I have been following AMD for a while as an investment. AMD is doing much better than it was, making a little profit, making its schedules and moving forward in GPU's and APU's. Of course we know about the huge console chips in massive production. The new AMD 28nm Beema and Mullins APU's are low-end, but apparently power-competitive with Intel, with superior graphics. The recent AMD 28nm Kaveri APU is the very first HSA-enabled chip in history, not a top-end chip, but we should expect a lot of improvement to come. No Intel chip can do HSA / hUMA tight CPU / GPU compute, which may make a difference someday.
But where the OP talks about "coming back," that would be coming back to be a semiconductor chip business of decent size and profit, not coming back as in competing in top-end CPU's. Apparently the immediate goal for AMD is to move into markets which are poorly served and away from Intel dominance. That includes mid-price APU-based computers and ARM, but no classic big-core enthusiast CPU, at least for the time being.
Keller has been back at AMD for a couple of years now, but it takes 3 years or so to do a chip from scratch, and there was no time earlier, so a from-scratch stand-alone CPU may not be in the cards. However, AMD is innovating a new chip design method with a modular floorplan for the SkyBridge 20nm APU family in 2015. There would be one basic SoC layout, with space for 2 compute modules. Typically, one compute module would be an iGPU, with the other being one of: x86-64, ARM 64, low-power x86-64, and low-power ARM-64. So Keller is overseeing the development of 4 at least somewhat different compute cores for 2015, plus the K12 high-performance ARM 64 for 2016, and probably a high-performance x86-64 for 2016, with all developments feeding off each other. Apparently this has already been going on for some time.

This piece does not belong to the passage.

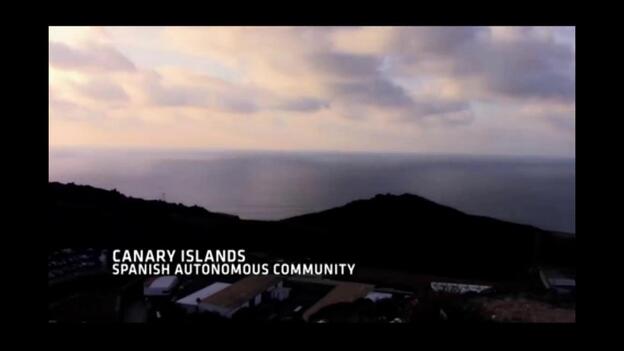 Espino aspira a su primera victoria UFC ante Frazier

Most of the known AMD projects are APU's, which may not get much respect from enthusiasts right now. But AMD has some innovations which Intel does not have, and with this new area of HSA / hUMA tight CPU / GPU compute, the AMD implementation patents may have the teeth to protect their market investment. However, perhaps the main reason for future AMD HSA-enabled APU's is that HSA provides a single on-chip hardware interface for the different compute modules, thus supporting the creation of a range of related products for multiple markets with minimum engineering expense.